* **Input data**:
=====
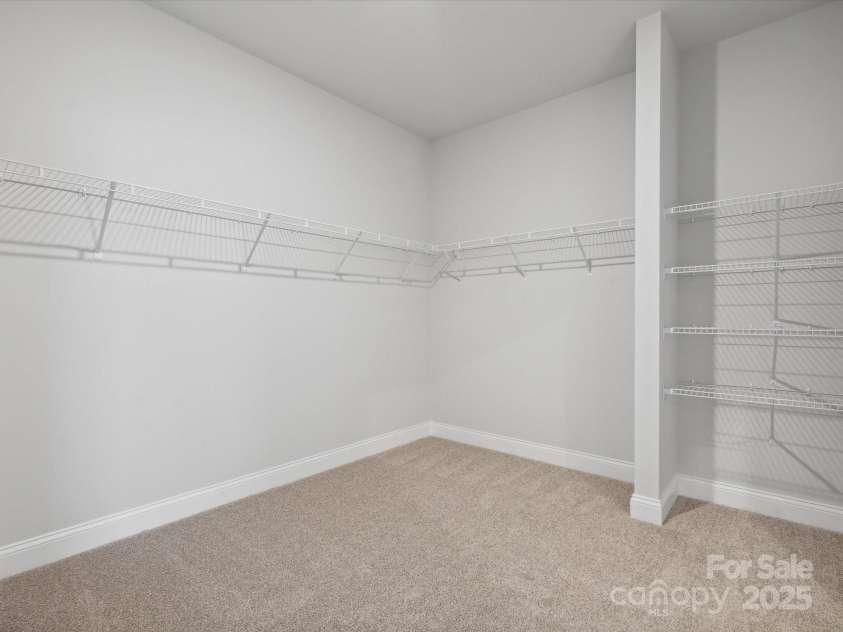 1051 Bull Dog Lane, Wingate, NC 28174.  MLS# CAR4183565, YatesRealty ID 3356. *Photo is for representational purposes only*Primary closet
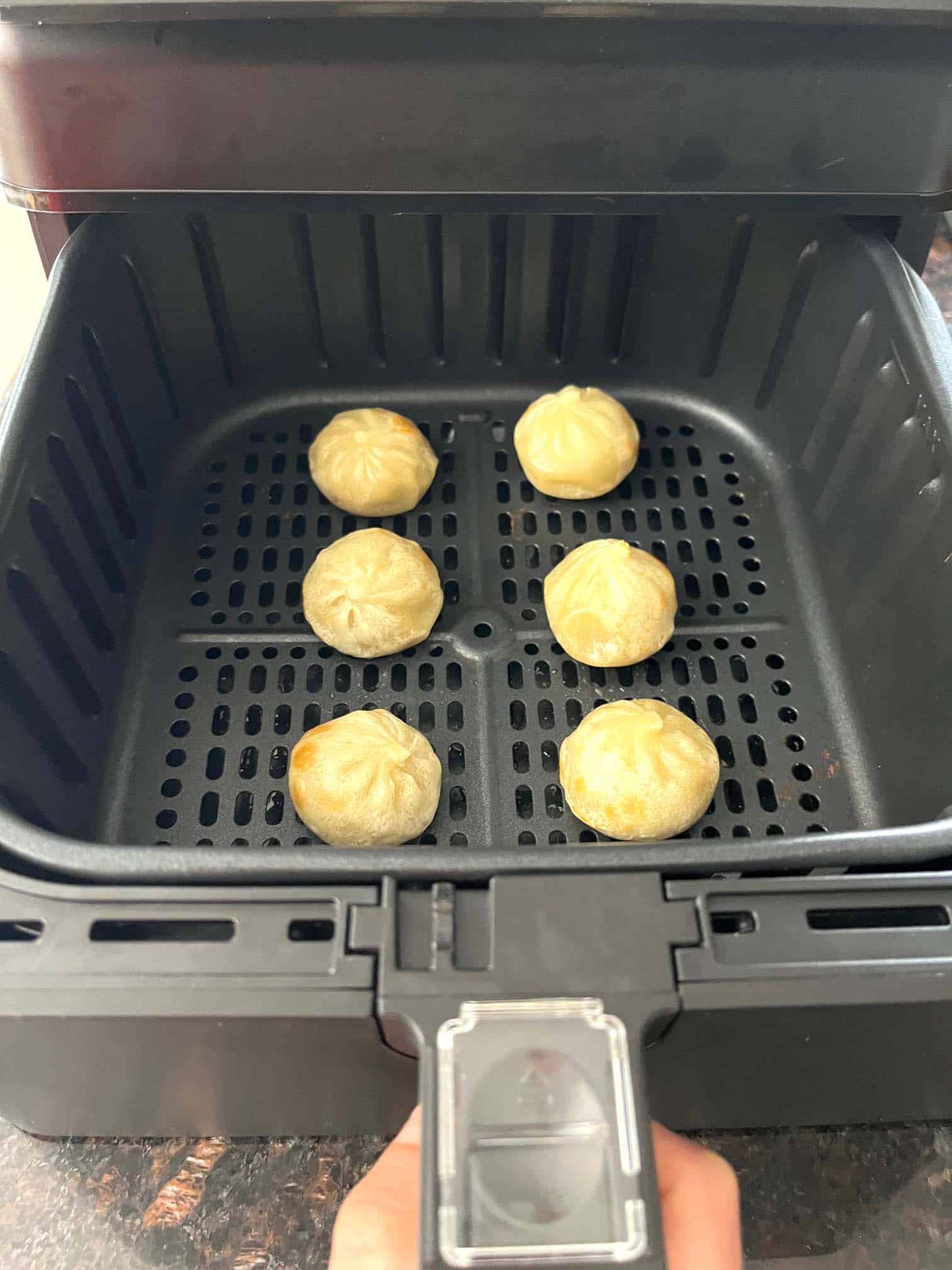 Golden brown dumplings perfectly cooked in an air fryer basket, demonstrating the easy and effective air frying method for frozen Bibigo dumplings.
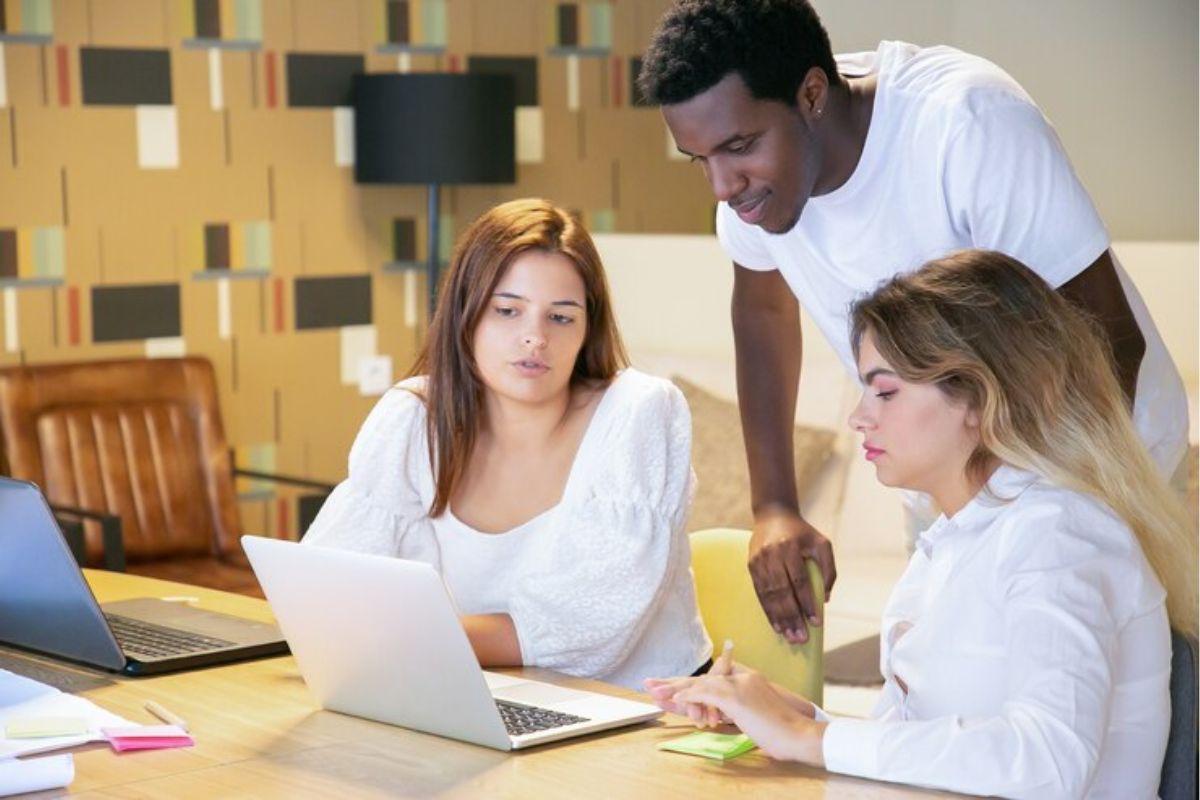 Três estudantes na biblioteca. Uma colega em frente ao notebook mostra o site do SisFies 2025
=====
* **Work item**:
Return the material above exactly; the images stay out.

* **Reply to the task**:
 1051 Bull Dog Lane, Wingate, NC 28174.  MLS# CAR4183565, YatesRealty ID 3356. *Photo is for representational purposes only*Primary closet
 Golden brown dumplings perfectly cooked in an air fryer basket, demonstrating the easy and effective air frying method for frozen Bibigo dumplings.
 Três estudantes na biblioteca. Uma colega em frente ao notebook mostra o site do SisFies 2025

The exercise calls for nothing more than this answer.